II. According to stanza 2, we need the Lord to be close to us when we toil or suffer.
"Not for ease or worldly pleasure, Nor for fame my prayer shall be;
Gladly will I toil and suffer, Only let me walk with Thee."
 A. As we travel on our pilgrim journey, our prayer should never be for ease or worldly pleasure since the pleasures of life will choke out the influence of the word in our hearts: Luke 8:14
 B. Certainly, as pilgrims we shall be called upon to toil and suffer in this life: 1 Peter 4:16
 C. Yet, regardless of what happens in this life, we must remain close to Jesus by walking as children of light: Ephesians 5:8-9

III. According to stanza 3, we need the Lord to stay close to us as we travel the vale of shadows to life eternal.

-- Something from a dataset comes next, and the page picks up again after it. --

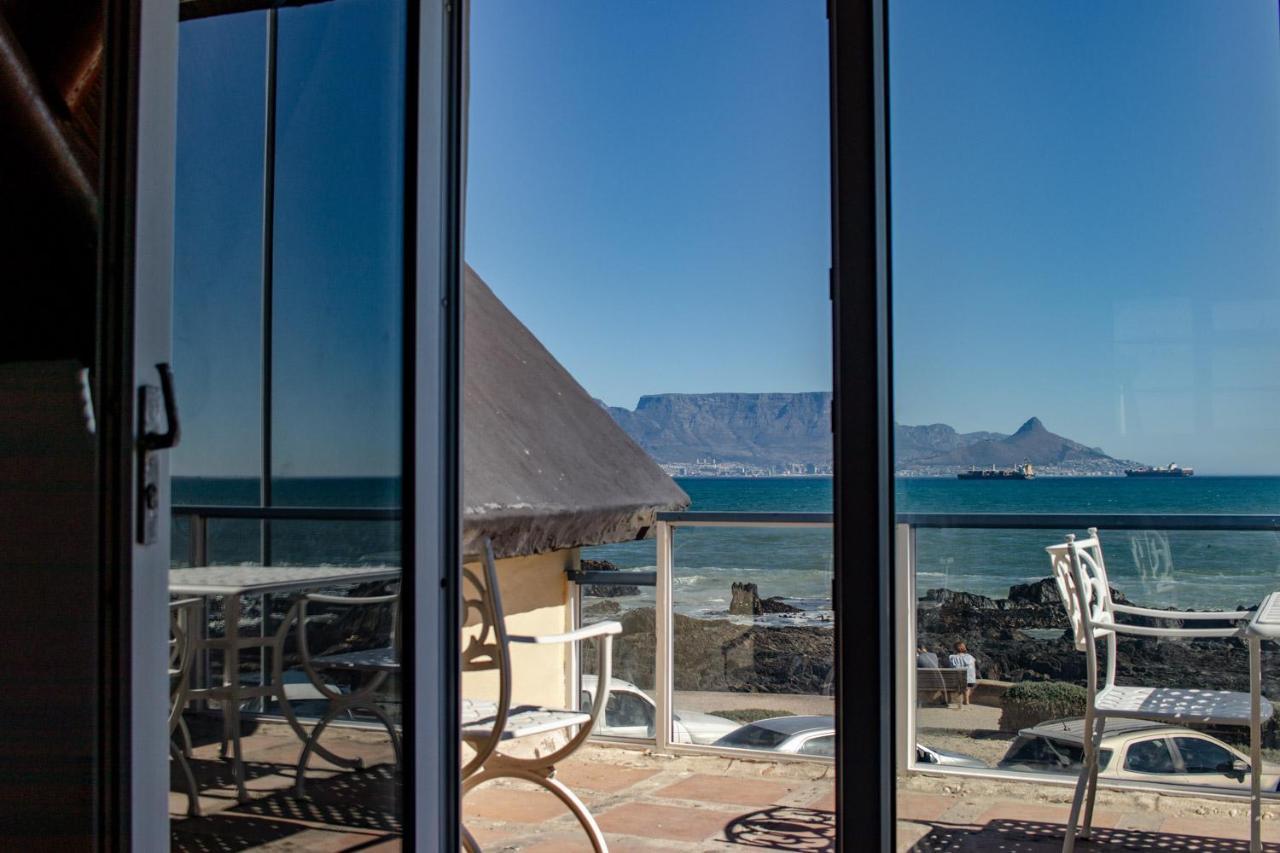 Blaauw Village Guest house Bloubergstrand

"Lead me through the vale of shadows, Bear me o’er life’s fitful sea;
Then the gate of life eternal, May I enter, Lord, with Thee."
 A. The "vale of shadows" poetically refers to the valley of the shadow of death: Psalm 23:4-6
 B. Hence, being borne over life’s fitful sea would symbolize the actual time of death: Hebrews 9:27
 C. However, the Lord has promised to be with His people even as life comes to it end so that they can have eternal life with Him: 1 John 2:25

     CONCL.: The chorus reiterates the desire to be close to the Lord and then repeats the third and fourth lines of each stanza.
"Close to Thee, close to Thee, Close to Thee, close to Thee.
All along my pilgrim journey, Savior, let me walk with Thee."
This beautiful hymn has touch the hearts of many who continually ask God’s guidance, saying, "I want to be ‘Close to Thee."